The entries are to be duplicated exactly, though any picture in them must be omitted.

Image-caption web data
= = = = = = =

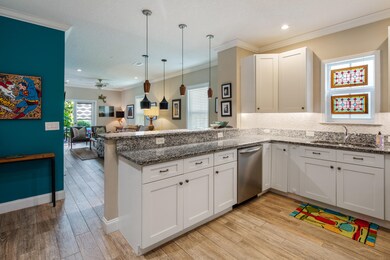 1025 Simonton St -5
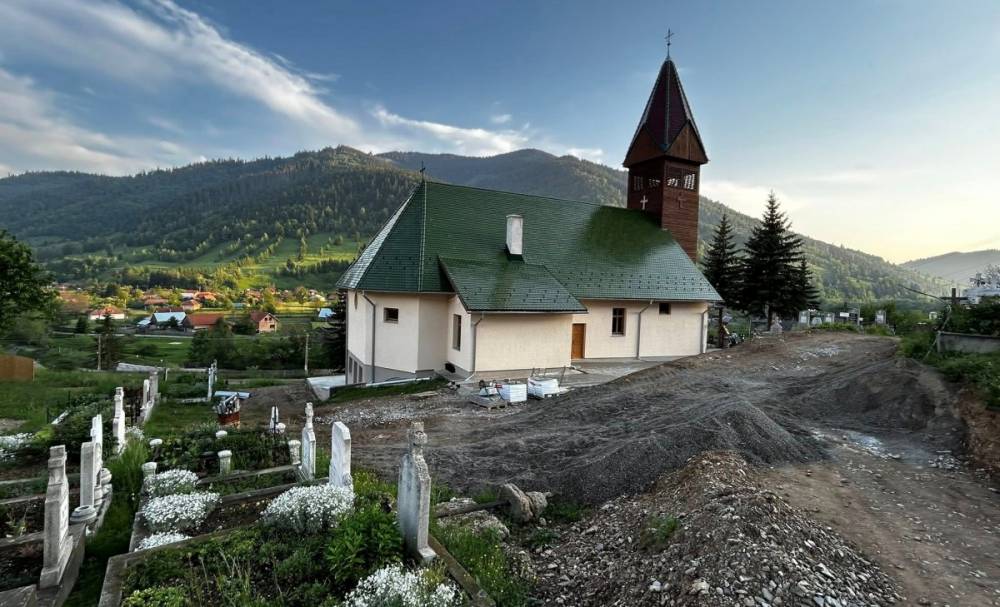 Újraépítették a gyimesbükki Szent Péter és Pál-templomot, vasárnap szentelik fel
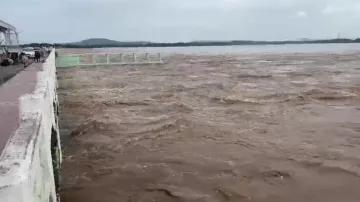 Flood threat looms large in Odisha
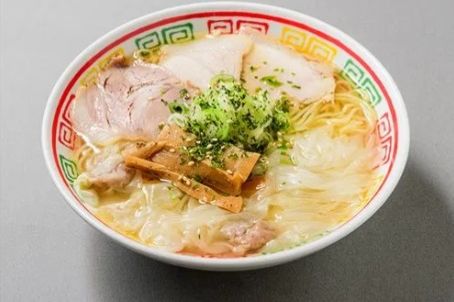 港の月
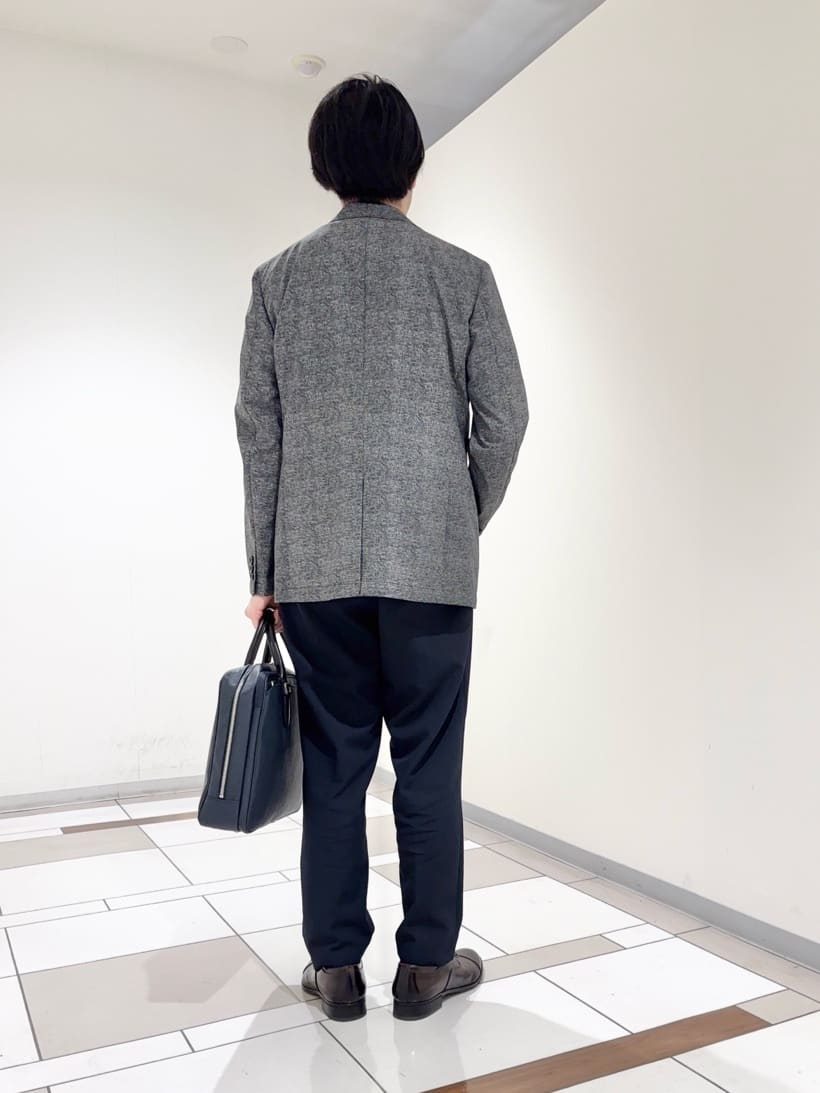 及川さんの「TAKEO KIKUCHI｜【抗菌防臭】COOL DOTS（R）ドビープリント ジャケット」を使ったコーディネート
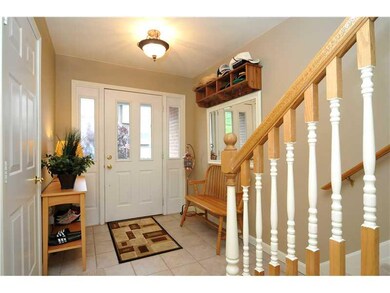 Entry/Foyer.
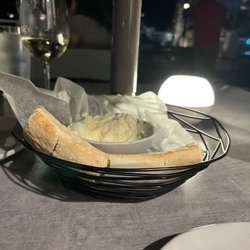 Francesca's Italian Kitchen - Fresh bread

= = = = = = =

▸ **TASK ANSWER**
 1025 Simonton St -5
 Újraépítették a gyimesbükki Szent Péter és Pál-templomot, vasárnap szentelik fel
 Flood threat looms large in Odisha
 港の月
 及川さんの「TAKEO KIKUCHI｜【抗菌防臭】COOL DOTS（R）ドビープリント ジャケット」を使ったコーディネート
 Entry/Foyer.
 Francesca's Italian Kitchen - Fresh bread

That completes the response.